Segment Open

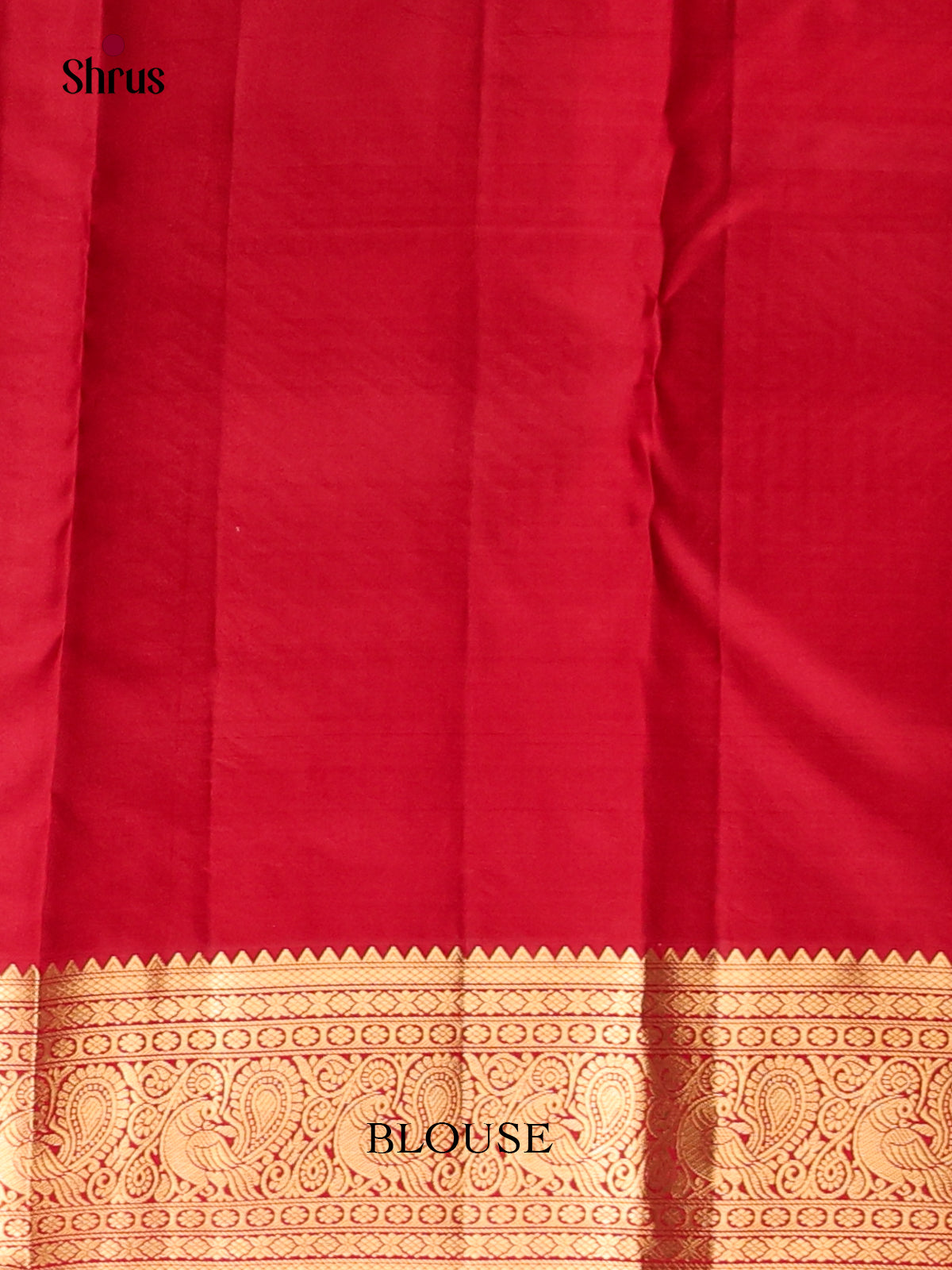 Red single Tone Kanchipuram Butta design Saree with zari brocade pallu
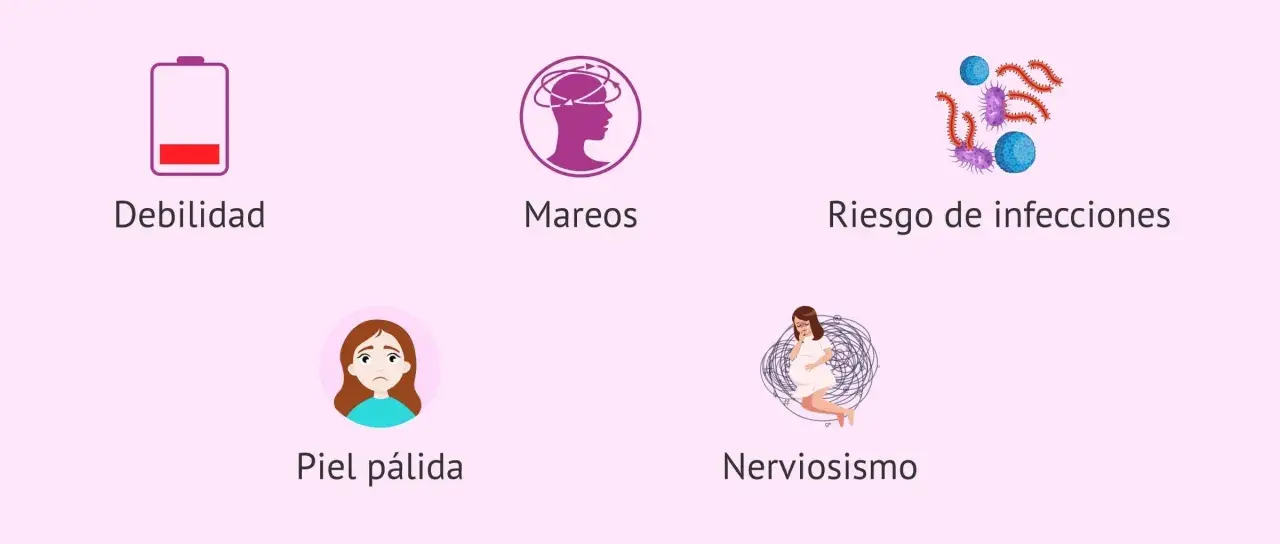 Debilidad, mareos, piel pálida, nerviosismo y riesgo de infecciones son síntomas de falta de hierro.
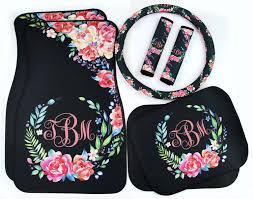 Classy Black Floral Car Accessories Mix Match Car Floor Mats Etsy New Car Accessories Preppy Car Accessories Car Accessories For Women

Segment Closed

-- Requirement --
Print the material above exactly, skipping its images.

-- Exercise result --
 Red single Tone Kanchipuram Butta design Saree with zari brocade pallu
 Debilidad, mareos, piel pálida, nerviosismo y riesgo de infecciones son síntomas de falta de hierro.
 Classy Black Floral Car Accessories Mix Match Car Floor Mats Etsy New Car Accessories Preppy Car Accessories Car Accessories For Women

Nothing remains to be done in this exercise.